◆ Dataset excerpt:
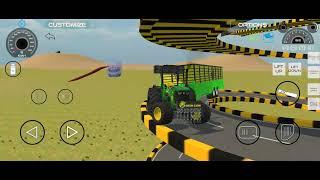 ramp challenge Big trolley Power test #Indian #vehicles #simulator #3D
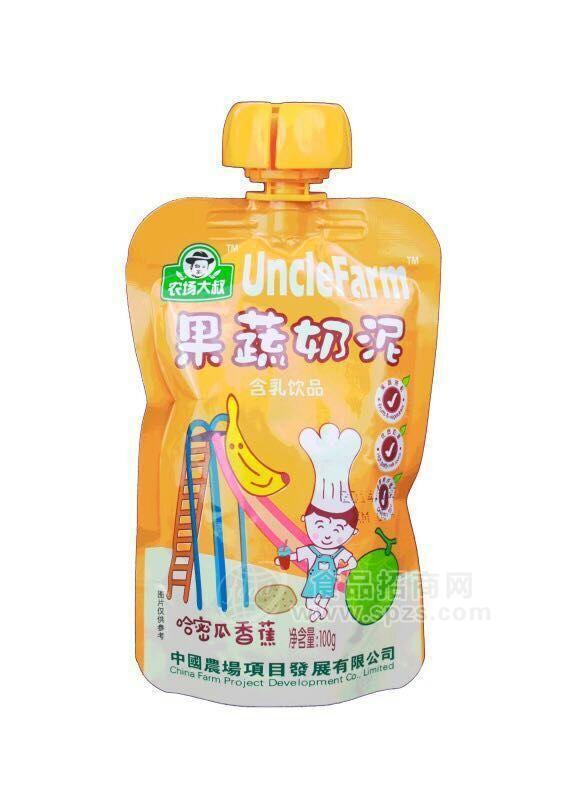 農(nóng)場大叔 果蔬奶泥含乳飲品 哈密瓜香蕉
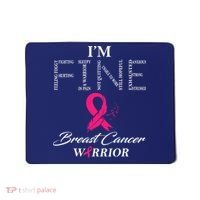 I'm Fine Breast Cancer Warrior Breast Cancer Awareness Mousepad thumb 0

◆ The task:
Restate the material above word for word, omitting the pictures.

◆ Task solution:
 ramp challenge Big trolley Power test #Indian #vehicles #simulator #3D
 農(nóng)場大叔 果蔬奶泥含乳飲品 哈密瓜香蕉
 I'm Fine Breast Cancer Warrior Breast Cancer Awareness Mousepad thumb 0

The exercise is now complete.